======== Dataset extract

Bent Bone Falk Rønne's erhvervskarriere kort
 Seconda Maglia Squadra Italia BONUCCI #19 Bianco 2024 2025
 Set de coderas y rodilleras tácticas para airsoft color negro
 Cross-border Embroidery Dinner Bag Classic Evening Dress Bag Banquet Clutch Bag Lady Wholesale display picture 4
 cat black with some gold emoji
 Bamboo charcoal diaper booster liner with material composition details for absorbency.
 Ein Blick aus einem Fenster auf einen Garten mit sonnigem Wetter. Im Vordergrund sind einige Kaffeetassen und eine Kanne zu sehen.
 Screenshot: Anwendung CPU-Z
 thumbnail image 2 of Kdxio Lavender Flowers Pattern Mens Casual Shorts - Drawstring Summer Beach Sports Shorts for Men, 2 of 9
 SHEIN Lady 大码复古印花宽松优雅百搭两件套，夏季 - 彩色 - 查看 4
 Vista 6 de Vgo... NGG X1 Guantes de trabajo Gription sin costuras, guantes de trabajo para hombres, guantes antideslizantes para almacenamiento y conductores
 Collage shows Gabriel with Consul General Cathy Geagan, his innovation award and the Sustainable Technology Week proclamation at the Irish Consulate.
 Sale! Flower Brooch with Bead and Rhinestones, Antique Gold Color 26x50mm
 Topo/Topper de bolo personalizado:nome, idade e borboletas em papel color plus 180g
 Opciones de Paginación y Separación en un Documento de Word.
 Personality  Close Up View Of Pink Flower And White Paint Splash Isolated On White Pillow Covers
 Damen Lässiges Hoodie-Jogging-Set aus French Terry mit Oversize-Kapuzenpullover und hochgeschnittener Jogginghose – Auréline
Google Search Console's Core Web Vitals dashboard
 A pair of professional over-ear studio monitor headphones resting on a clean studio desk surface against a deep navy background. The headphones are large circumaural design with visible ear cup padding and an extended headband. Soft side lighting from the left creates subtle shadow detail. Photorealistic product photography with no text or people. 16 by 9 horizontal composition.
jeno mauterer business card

================

** Exercise requirements **
Would you copy out all the entries above without changing a single character?

** Solution **
Bent Bone Falk Rønne's erhvervskarriere kort
 Seconda Maglia Squadra Italia BONUCCI #19 Bianco 2024 2025
 Set de coderas y rodilleras tácticas para airsoft color negro
 Cross-border Embroidery Dinner Bag Classic Evening Dress Bag Banquet Clutch Bag Lady Wholesale display picture 4
 cat black with some gold emoji
 Bamboo charcoal diaper booster liner with material composition details for absorbency.
 Ein Blick aus einem Fenster auf einen Garten mit sonnigem Wetter. Im Vordergrund sind einige Kaffeetassen und eine Kanne zu sehen.
 Screenshot: Anwendung CPU-Z
 thumbnail image 2 of Kdxio Lavender Flowers Pattern Mens Casual Shorts - Drawstring Summer Beach Sports Shorts for Men, 2 of 9
 SHEIN Lady 大码复古印花宽松优雅百搭两件套，夏季 - 彩色 - 查看 4
 Vista 6 de Vgo... NGG X1 Guantes de trabajo Gription sin costuras, guantes de trabajo para hombres, guantes antideslizantes para almacenamiento y conductores
 Collage shows Gabriel with Consul General Cathy Geagan, his innovation award and the Sustainable Technology Week proclamation at the Irish Consulate.
 Sale! Flower Brooch with Bead and Rhinestones, Antique Gold Color 26x50mm
 Topo/Topper de bolo personalizado:nome, idade e borboletas em papel color plus 180g
 Opciones de Paginación y Separación en un Documento de Word.
 Personality  Close Up View Of Pink Flower And White Paint Splash Isolated On White Pillow Covers
 Damen Lässiges Hoodie-Jogging-Set aus French Terry mit Oversize-Kapuzenpullover und hochgeschnittener Jogginghose – Auréline
Google Search Console's Core Web Vitals dashboard
 A pair of professional over-ear studio monitor headphones resting on a clean studio desk surface against a deep navy background. The headphones are large circumaural design with visible ear cup padding and an extended headband. Soft side lighting from the left creates subtle shadow detail. Photorealistic product photography with no text or people. 16 by 9 horizontal composition.
jeno mauterer business card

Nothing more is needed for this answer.